Liquidator discipline outcome – reasons unknown

A discipline committee has cancelled the registration of a liquidator but declined to publish its reasons for doing so.

ASIC has advised by media release the cancellation of the registration of a liquidator, Cameron Lindsay Duncan, following a decision of a disciplinary committee on 28 February 2023. 23-065MR Liquidator disciplinary committee cancels registration of Cameron Lindsay Duncan | ASIC

ASIC says its referral to the Committee alleged Mr Duncan no longer had the qualifications, experience, knowledge and abilities prescribed under the Corporations Act and that he is not a resident in Australia or another prescribed country. These are two relevant criteria under IPSC section 40-55.  The Committee’s decision was based on the first of those allegations. ASIC has given effect to that decision.

The Committee determined that its report on Mr Duncan should not be published by ASIC. ASIC says it will not comment further on the reasons for the Committee’s decision.

Disciplinary hearings are private along with the details of their timing and location, and their membership.  The committee must make at least one decision, from a number of statutory options, ranging from a confirmation of the practitioner’s registration through to termination of their registration: s 40-55.  One option is that the committee can decide that specified information about its decision and its reasons should be published by ASIC: s 40-55(1)(h).

Hence such committees have an option to decide to not publish their reasons.  The last such decision not to publish, in 2020, was an unusual one, but more understandably arose from a decision not to cancel a registration: see Australian insolvency practitioner disciplinary decisions – short but to what point? – Murrays Legal.

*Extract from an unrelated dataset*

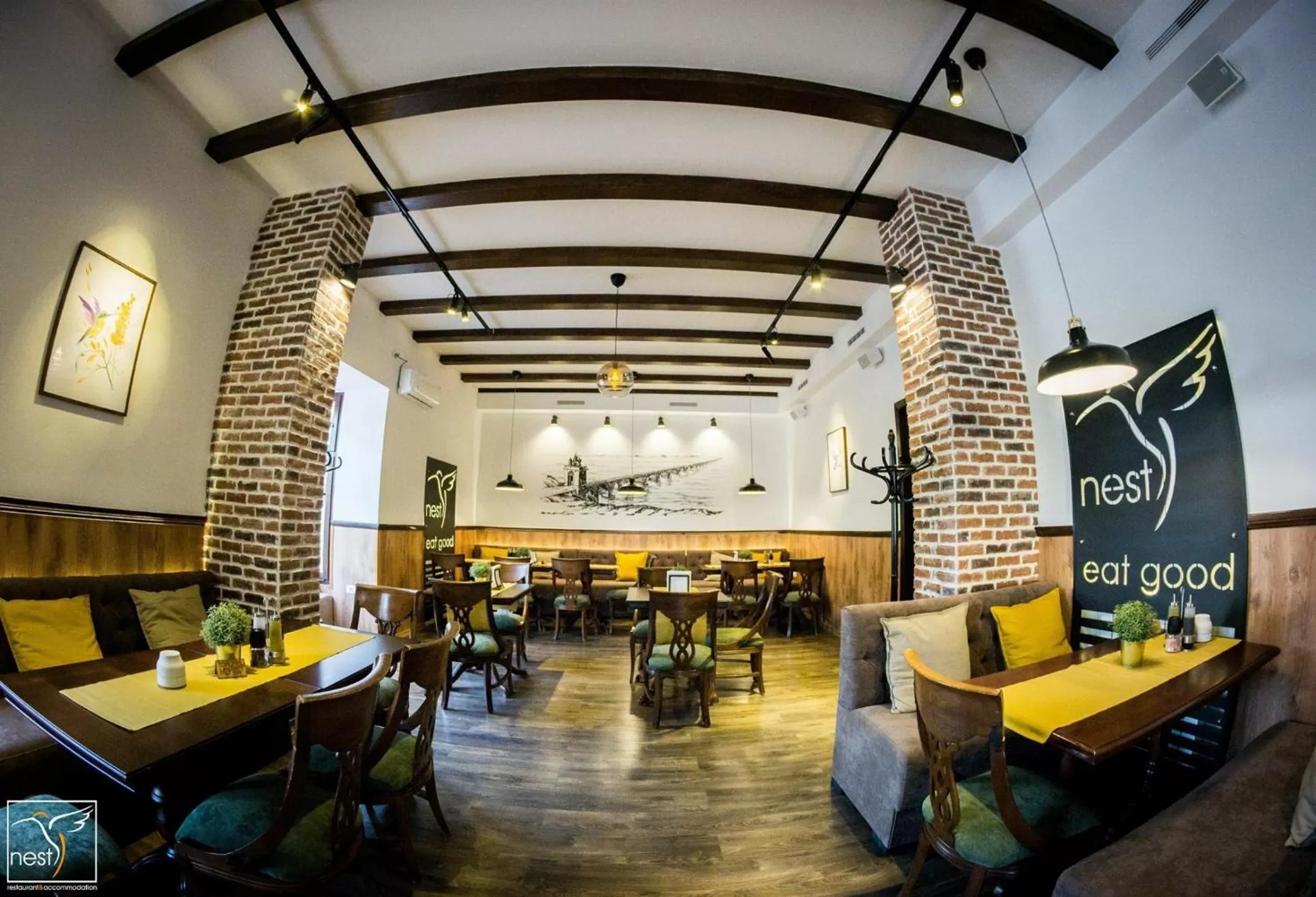 Restaurant/places to eat in Nest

I cite Attorney-General v Kehoe, [2000] QCA 222, in relation to lawyers, that the law generally encourages reasons for decision in disciplinary matters being made public, so that “interested members of the public have the opportunity to come to know of the [committee’s] justification for any decision it may make, and thereby satisfy themselves that the disciplinary process is being carried through properly”.  It also serves as instructive to others as to the nature of the conduct that was the subject of sanction.

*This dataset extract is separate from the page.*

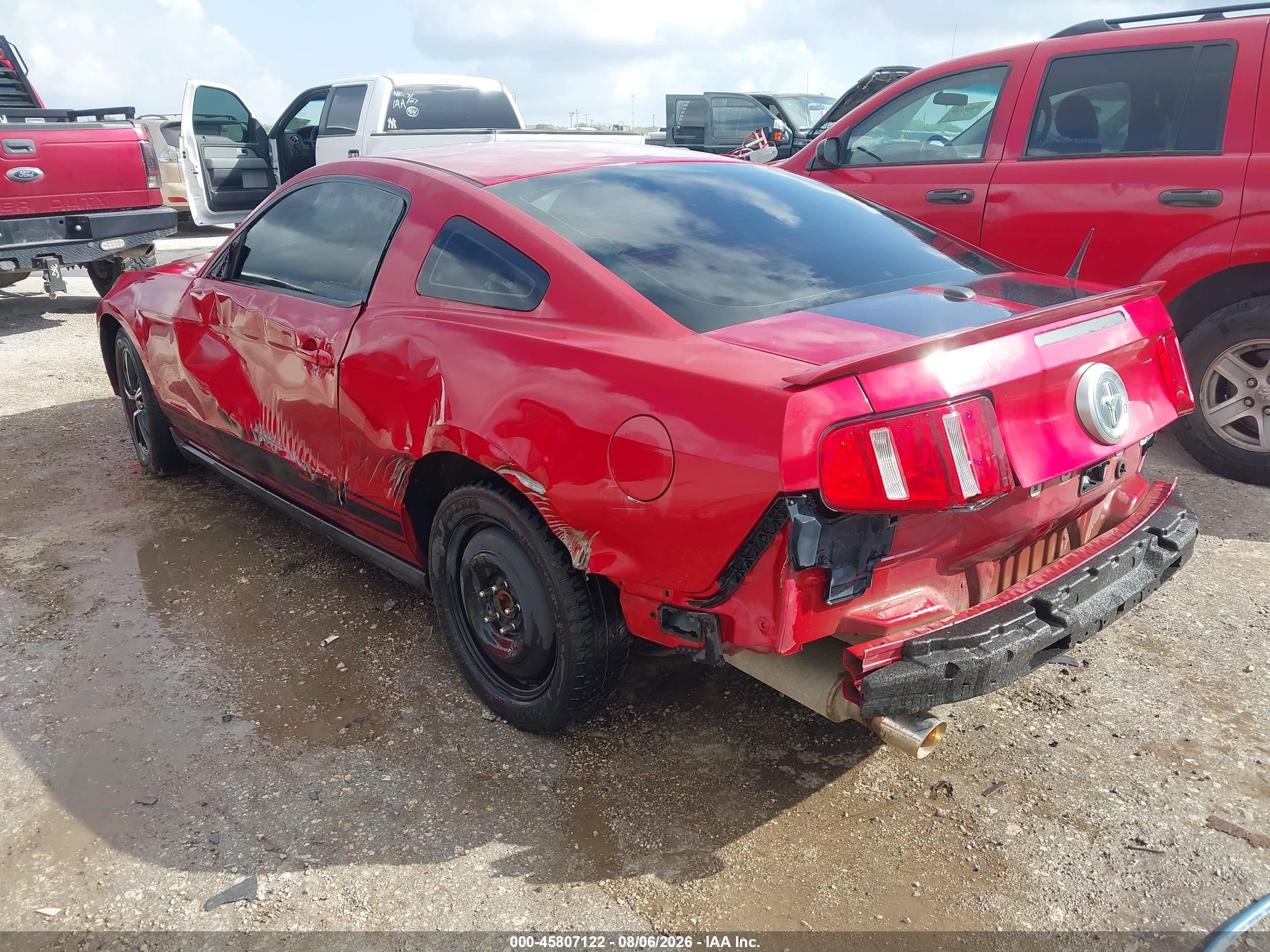 2011 Ford Mustang V6 Premium Red vin: 1ZVBP8AM6B5111420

But there will be occasions when the decision involves, for example, personal information about the practitioner or confidential information about a third party, such that the details are not published.  However it would be possible for a committee to at least give broad reasons why its decision is not made public – “specified information” – to provide some context in which such a restriction was imposed.  Lack of published reasons may only create undue speculation.

An application to the Administrative Appeals Tribunal is available to any practitioner who is subject to an adverse finding of a disciplinary committee: s 1317B, Corporations Act.